━━━ Data shown ━━━
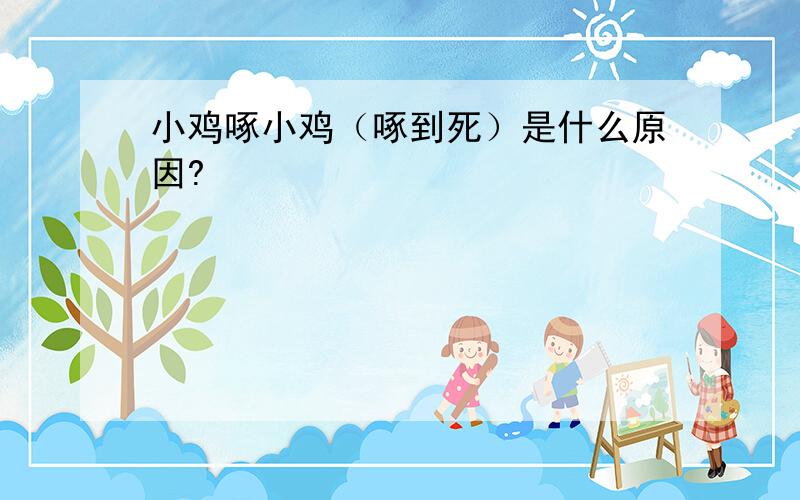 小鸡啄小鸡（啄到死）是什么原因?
━━━
━━━ Data shown ━━━
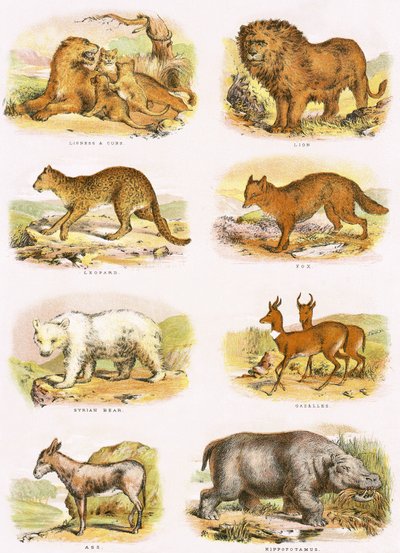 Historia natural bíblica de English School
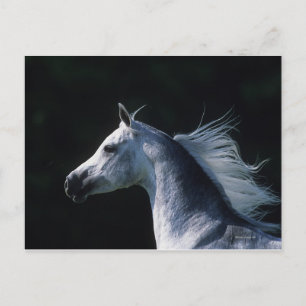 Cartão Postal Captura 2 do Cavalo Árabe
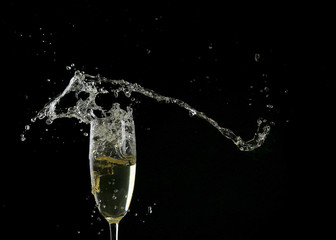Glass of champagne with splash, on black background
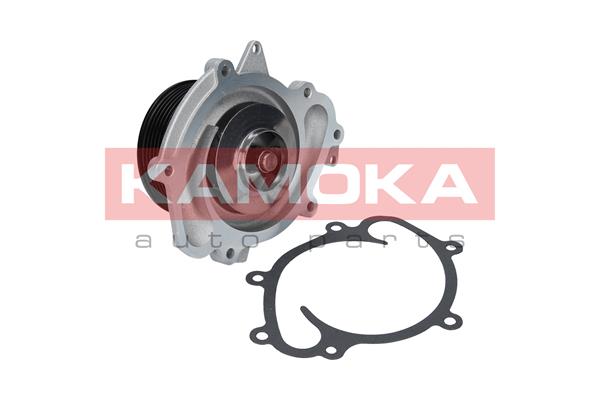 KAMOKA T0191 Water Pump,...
━━━
**Exercise directions**. Line for line, output the entries above from the line with "Glass of champagne" to the line with "KAMOKA T0191 Water Pump,...", both included, and nothing more. Skip pictures.

**Result for this task**.
Glass of champagne with splash, on black background
 KAMOKA T0191 Water Pump,...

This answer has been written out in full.